Há quem postule que a Catalunha não faz parte da Espanha e protestos são frequentes pela independência. A rivalidade se estende ao futebol e os catalães torcem pelo Barcelona contra o Real Madri dos “espanhóis”.

Os catalães são espanhóis, mas, acima de tudo, se consideram catalães. Inclusive têm sua própria língua — o catalão — e têm orgulho dela. Porque é um divisor de águas, uma afirmação de identidade, de distinção.

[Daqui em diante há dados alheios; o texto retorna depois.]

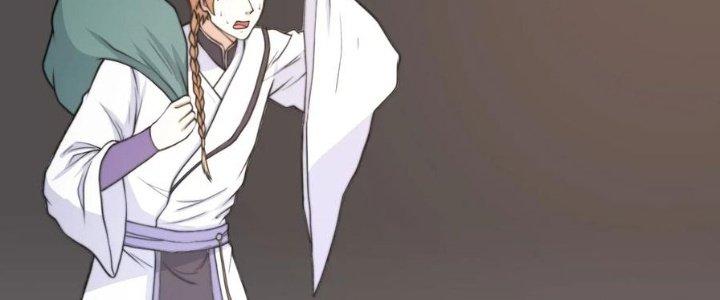 Trên Người Ta Có Một Cái Cây Thần Thoại Chapter 41 - Trang 3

Em março, os jornais espanhóis, como “Abc” (do qual sou assinante), “El Mundo” e “El Español”, entre outros, deram farta cobertura à jornalista e escritora Júlia Bacardit, autora do livro “Un Dietari Sentimental” (“Um Diário Sentimental”).

Nascida em Barcelona, Júlia Bacardit publicou o livro (de não-ficção) pela Editora Medusa e exigiu, por contrato, que não deve ser traduzido para o espanhol. A autora quer que a obra seja lida pelos espanhóis em catalão, sua língua.

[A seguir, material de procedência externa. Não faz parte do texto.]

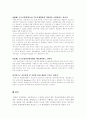 우리나라 교통사고 현황조사 14페이지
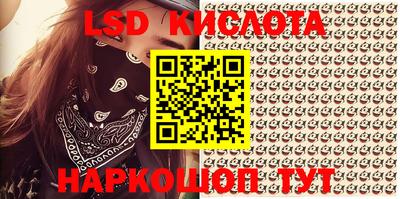 кокаин Ливны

Julia Bacardit: polêmica escritora e jornalista de Barcelona | Foto: Carlos Baglietto

A proibição de que o livro seja traduzido para o espanhol chocou vários leitores — que passaram a atacar Júlia Bacardit nas redes sociais. Chegaram a chamá-la de “supremacista”, o que a autora afirma que não é, de “caipira”, “oportunista” e “patética”. É uma questão “mais pessoal” do que política. Ela trata por “covardes”, não só os que a atacam, mas também aqueles, da Catalunha, que não fazem a defesa da autonomia da própria língua.

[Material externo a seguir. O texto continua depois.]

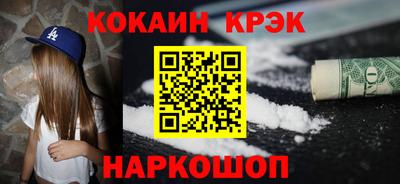 мет Кинель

Aos 32 anos, Júlia Bacardit é uma autora polêmica e se considera anarquista, mas não professa nenhuma militância. “Un Dietari Sentimental” é uma miscelânea. A escritora fala de sua vida, divulga resenhas de suas leituras e faz reflexões sobre vários assuntos (em geral ocorridos entre 2018 e 2021). A base do meu texto é a reportagem “No quiero que se lea más en español: Júlia Bacardit insiste en que no traducirá su libro del catalán”, de “El Español”. Consultei também as matérias de “Abc” e “El Mundo”.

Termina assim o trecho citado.